BEGIN

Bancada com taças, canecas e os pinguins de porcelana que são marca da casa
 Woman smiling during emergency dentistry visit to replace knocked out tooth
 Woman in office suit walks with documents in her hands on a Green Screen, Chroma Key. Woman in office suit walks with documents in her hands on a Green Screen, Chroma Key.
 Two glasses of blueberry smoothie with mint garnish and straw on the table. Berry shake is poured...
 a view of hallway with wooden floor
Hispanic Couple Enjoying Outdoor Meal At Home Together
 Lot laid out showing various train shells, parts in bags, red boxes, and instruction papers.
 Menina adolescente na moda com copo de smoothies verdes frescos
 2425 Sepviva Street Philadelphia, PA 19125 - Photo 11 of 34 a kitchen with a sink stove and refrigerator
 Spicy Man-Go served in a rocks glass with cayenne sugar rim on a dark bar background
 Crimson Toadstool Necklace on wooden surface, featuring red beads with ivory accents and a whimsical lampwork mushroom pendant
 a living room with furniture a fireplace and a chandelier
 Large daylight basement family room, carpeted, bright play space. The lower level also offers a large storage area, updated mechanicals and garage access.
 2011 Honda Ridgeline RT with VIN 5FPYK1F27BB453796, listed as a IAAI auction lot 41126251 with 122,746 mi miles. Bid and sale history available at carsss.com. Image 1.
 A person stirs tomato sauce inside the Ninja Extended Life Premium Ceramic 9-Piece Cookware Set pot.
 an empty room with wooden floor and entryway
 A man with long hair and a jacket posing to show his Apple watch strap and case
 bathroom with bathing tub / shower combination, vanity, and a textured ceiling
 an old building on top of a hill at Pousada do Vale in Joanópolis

END

Task statement
From the line containing "Woman smiling during" down to the final line of the records above, copy everything exactly and include nothing else.

Response for this exercise
 Woman smiling during emergency dentistry visit to replace knocked out tooth
 Woman in office suit walks with documents in her hands on a Green Screen, Chroma Key. Woman in office suit walks with documents in her hands on a Green Screen, Chroma Key.
 Two glasses of blueberry smoothie with mint garnish and straw on the table. Berry shake is poured...
 a view of hallway with wooden floor
Hispanic Couple Enjoying Outdoor Meal At Home Together
 Lot laid out showing various train shells, parts in bags, red boxes, and instruction papers.
 Menina adolescente na moda com copo de smoothies verdes frescos
 2425 Sepviva Street Philadelphia, PA 19125 - Photo 11 of 34 a kitchen with a sink stove and refrigerator
 Spicy Man-Go served in a rocks glass with cayenne sugar rim on a dark bar background
 Crimson Toadstool Necklace on wooden surface, featuring red beads with ivory accents and a whimsical lampwork mushroom pendant
 a living room with furniture a fireplace and a chandelier
 Large daylight basement family room, carpeted, bright play space. The lower level also offers a large storage area, updated mechanicals and garage access.
 2011 Honda Ridgeline RT with VIN 5FPYK1F27BB453796, listed as a IAAI auction lot 41126251 with 122,746 mi miles. Bid and sale history available at carsss.com. Image 1.
 A person stirs tomato sauce inside the Ninja Extended Life Premium Ceramic 9-Piece Cookware Set pot.
 an empty room with wooden floor and entryway
 A man with long hair and a jacket posing to show his Apple watch strap and case
 bathroom with bathing tub / shower combination, vanity, and a textured ceiling
 an old building on top of a hill at Pousada do Vale in Joanópolis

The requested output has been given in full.